▸ **Try it**:
Output, word for word, the lines of this listing that fall between the line with "Adventure Goods The" and the line with "Used 2024 Ebony", counting both of those lines, and no others.

▸ **Data records**:
══════════
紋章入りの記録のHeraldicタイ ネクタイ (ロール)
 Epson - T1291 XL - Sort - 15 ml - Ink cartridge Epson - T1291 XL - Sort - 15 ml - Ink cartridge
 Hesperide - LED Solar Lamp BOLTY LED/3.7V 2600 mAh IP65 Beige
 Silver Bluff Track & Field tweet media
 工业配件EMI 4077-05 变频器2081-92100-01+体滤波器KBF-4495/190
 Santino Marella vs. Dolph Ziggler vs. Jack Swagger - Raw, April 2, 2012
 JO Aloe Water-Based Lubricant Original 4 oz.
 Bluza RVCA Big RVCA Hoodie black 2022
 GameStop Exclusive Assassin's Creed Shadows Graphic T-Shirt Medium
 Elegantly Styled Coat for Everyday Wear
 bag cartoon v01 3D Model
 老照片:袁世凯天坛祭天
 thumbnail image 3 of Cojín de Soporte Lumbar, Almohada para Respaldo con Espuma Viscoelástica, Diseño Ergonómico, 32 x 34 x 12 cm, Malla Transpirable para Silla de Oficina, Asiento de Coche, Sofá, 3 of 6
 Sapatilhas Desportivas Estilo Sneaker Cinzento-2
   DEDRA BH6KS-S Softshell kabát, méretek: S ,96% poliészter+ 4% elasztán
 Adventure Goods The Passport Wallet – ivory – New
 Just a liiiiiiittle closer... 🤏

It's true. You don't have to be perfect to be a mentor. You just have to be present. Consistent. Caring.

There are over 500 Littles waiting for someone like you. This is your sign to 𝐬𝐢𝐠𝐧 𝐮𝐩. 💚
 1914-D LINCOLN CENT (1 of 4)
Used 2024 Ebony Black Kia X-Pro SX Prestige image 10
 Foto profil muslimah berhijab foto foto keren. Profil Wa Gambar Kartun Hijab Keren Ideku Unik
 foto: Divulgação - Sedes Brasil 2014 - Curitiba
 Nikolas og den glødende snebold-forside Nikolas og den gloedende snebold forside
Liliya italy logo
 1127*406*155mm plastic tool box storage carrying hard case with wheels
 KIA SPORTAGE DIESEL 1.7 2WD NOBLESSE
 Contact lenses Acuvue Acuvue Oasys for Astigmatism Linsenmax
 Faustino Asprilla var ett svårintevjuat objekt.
══════════
▸ **Task output**:
 Adventure Goods The Passport Wallet – ivory – New
 Just a liiiiiiittle closer... 🤏

It's true. You don't have to be perfect to be a mentor. You just have to be present. Consistent. Caring.

There are over 500 Littles waiting for someone like you. This is your sign to 𝐬𝐢𝐠𝐧 𝐮𝐩. 💚
 1914-D LINCOLN CENT (1 of 4)
Used 2024 Ebony Black Kia X-Pro SX Prestige image 10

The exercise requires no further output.